Dla tych, którzy zastanawiali się, co stało się z atrakcją Dworca PKS w Dębicy, która stała tam od października ubiegłego roku, mamy odpowiedź.
Biało-żółta budka gastronomiczna, o której niektórzy mówili paczkomat stała przez ponad siedem miesięcy na stanowisku szóstym. W czasach świetności PKS-u odjeżdżały stąd autobusy, którymi podróżni jechali chociażby do Bączałki, Grudnej Górnej, Jodłowej czy Lubczy.
Od kilkunastu miesięcy prawie cały ruch autobusowy skupia się w drugiej części dworca, dlatego jego właściciel mógł spokojnie odstąpić nieco miejsca pod działalność fast-foodową. Była bowiem szansa na obopólne korzyści.
Ludzie, którzy czekali tu na kurs powrotny do domu mieli w tym czasie zyskać możliwość posilenia się zakupionymi w budce hot-dogiem lub zapiekanką. Te największą popularnością cieszą się zazwyczaj wśród młodzież, której tu nie brakowało, bo większość dojeżdża do szkół średnich właśnie autobusami.
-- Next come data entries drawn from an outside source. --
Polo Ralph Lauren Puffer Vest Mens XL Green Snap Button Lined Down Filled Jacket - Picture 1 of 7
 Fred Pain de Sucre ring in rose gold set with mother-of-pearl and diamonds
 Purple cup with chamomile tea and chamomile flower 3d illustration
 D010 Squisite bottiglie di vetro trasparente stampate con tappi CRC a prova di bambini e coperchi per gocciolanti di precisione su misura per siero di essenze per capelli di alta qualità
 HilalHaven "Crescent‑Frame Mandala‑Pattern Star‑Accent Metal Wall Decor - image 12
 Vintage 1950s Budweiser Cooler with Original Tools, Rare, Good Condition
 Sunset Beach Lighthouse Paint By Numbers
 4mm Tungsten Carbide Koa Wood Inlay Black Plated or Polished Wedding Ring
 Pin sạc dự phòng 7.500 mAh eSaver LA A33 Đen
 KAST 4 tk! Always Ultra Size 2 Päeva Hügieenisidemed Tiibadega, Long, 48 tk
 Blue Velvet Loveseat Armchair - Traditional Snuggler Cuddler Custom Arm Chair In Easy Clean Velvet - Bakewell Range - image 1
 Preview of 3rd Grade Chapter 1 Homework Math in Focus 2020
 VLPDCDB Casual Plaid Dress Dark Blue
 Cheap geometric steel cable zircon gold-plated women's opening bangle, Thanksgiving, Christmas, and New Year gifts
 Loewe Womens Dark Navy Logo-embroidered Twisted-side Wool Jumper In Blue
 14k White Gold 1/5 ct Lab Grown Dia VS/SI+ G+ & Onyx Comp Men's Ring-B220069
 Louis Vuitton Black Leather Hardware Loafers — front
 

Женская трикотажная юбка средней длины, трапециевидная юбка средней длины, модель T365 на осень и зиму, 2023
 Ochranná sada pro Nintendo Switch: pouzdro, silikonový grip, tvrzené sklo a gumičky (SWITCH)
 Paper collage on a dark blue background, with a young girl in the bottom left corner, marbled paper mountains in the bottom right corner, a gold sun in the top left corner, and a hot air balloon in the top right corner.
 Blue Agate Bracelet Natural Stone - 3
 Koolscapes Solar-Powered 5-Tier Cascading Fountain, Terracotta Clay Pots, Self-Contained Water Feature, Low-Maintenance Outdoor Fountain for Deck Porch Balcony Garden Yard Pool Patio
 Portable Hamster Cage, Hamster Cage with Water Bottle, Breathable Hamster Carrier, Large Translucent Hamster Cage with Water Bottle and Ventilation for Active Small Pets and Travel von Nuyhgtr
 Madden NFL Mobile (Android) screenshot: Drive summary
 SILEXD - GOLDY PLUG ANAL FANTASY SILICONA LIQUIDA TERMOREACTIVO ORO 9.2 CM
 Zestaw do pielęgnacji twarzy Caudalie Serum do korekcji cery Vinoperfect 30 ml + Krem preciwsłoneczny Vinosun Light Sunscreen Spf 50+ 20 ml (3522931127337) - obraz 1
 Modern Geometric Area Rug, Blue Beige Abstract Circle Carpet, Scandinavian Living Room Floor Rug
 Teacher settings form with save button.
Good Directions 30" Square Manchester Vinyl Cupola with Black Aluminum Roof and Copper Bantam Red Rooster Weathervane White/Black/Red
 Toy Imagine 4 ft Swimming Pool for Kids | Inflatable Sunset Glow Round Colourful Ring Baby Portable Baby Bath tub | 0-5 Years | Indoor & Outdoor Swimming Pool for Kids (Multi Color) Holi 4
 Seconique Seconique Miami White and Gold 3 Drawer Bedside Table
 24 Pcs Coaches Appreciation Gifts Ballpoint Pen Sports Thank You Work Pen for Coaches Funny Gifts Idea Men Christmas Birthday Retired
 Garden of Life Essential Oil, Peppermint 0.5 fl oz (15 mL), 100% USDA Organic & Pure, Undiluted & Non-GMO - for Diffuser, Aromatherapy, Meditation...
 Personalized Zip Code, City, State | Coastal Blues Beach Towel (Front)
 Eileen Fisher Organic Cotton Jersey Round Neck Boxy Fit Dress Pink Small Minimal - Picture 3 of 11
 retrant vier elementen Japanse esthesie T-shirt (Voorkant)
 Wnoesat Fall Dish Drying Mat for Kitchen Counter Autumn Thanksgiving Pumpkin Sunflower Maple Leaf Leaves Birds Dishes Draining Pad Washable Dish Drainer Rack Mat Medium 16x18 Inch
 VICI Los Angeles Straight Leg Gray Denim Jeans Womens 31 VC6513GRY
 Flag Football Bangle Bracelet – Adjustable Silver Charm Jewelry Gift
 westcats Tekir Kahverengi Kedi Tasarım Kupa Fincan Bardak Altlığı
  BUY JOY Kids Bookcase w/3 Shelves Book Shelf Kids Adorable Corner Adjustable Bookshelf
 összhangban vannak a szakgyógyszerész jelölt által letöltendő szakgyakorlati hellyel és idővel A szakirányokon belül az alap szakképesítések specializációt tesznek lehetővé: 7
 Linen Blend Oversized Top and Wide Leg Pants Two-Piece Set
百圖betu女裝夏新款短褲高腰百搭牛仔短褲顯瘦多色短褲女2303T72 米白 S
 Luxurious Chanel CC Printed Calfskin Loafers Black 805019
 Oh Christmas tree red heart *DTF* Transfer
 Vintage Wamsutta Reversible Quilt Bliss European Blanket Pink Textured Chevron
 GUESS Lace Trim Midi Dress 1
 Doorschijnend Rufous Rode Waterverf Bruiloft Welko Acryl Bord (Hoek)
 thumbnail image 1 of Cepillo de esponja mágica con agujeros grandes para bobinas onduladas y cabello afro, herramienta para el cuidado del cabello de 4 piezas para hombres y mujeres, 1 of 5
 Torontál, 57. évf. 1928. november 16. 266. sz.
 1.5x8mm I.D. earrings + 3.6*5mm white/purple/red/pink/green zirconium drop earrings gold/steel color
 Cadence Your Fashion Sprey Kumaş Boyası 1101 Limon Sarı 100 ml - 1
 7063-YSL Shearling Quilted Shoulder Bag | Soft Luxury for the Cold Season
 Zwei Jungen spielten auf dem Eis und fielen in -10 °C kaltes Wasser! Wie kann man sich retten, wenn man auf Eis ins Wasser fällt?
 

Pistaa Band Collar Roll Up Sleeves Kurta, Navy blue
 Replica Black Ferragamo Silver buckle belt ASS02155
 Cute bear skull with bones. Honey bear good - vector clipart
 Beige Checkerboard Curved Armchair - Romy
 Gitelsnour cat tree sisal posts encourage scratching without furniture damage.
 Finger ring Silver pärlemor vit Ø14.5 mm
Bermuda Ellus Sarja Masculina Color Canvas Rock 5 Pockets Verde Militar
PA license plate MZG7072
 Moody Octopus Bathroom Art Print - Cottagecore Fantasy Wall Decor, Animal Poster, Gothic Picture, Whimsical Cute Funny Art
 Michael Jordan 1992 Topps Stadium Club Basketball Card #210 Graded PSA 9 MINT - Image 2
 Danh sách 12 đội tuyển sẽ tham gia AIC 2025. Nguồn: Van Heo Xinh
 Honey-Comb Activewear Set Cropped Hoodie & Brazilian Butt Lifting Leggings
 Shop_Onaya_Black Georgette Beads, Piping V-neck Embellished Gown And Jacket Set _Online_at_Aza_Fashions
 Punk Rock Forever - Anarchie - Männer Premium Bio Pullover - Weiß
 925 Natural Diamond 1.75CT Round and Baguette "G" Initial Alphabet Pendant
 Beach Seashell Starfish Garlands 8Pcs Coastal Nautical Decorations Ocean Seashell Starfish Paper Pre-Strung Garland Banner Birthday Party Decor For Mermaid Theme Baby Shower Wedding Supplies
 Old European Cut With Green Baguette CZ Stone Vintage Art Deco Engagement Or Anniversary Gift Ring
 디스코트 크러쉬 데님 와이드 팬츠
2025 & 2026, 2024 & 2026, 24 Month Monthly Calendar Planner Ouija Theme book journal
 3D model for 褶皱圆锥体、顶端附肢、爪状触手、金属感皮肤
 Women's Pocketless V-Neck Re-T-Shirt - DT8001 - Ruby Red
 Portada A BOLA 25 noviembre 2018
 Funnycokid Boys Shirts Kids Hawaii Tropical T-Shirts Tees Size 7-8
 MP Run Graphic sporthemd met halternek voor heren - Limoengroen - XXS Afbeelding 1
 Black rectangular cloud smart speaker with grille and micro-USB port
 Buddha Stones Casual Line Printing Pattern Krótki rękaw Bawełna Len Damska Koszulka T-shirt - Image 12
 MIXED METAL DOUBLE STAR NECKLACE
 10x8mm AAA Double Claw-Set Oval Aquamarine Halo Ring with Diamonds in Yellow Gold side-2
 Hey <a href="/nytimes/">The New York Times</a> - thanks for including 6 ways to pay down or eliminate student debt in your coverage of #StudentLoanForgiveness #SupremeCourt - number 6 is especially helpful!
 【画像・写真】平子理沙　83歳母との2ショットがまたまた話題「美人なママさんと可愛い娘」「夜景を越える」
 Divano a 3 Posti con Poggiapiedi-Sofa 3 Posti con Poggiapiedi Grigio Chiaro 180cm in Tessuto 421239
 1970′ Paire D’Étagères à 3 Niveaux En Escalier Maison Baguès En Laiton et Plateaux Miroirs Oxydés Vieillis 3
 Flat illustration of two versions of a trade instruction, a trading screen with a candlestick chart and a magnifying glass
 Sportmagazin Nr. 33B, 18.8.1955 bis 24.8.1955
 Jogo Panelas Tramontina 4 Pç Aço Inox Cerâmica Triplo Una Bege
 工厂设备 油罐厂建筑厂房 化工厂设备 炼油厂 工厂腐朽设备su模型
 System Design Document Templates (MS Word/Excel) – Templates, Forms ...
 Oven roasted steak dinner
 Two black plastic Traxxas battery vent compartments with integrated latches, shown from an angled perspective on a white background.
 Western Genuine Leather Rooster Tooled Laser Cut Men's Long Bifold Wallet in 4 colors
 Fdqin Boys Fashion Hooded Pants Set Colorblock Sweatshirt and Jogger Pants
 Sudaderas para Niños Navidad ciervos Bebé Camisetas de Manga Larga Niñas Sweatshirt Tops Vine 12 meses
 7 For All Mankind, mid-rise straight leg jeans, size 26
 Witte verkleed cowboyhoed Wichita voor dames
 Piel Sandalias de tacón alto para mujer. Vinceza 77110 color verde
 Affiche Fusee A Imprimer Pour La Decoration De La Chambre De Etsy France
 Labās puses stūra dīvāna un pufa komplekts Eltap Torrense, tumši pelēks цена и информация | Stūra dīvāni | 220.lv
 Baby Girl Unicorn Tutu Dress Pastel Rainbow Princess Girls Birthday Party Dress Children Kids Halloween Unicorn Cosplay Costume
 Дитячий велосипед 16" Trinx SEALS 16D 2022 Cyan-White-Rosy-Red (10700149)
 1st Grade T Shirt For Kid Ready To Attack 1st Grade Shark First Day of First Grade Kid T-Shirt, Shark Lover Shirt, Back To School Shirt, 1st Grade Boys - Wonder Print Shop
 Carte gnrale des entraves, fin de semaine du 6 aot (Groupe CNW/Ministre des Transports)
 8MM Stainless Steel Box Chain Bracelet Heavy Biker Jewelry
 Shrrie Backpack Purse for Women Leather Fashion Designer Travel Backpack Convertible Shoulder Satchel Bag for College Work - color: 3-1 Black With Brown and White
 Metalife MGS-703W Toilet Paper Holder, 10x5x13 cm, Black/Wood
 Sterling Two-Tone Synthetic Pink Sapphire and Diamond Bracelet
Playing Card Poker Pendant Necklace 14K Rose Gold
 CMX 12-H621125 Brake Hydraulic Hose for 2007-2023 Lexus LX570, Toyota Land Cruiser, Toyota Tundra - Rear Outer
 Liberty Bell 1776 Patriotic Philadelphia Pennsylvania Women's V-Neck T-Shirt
Jednak po siedmiu miesiącach pewnie okazało się, że interes się nie kręci, bo na początku tego tygodnia zauważyliśmy, że budka zniknęła. Jedną z przyczyn mogło być to, że – jak stwierdził jeden z moich znajomych – ceny były tam z kosmosu, a młodzi woleli kupić hot-doga w jednym z pobliskich sklepów sieciowych. Był po prostu tańszy.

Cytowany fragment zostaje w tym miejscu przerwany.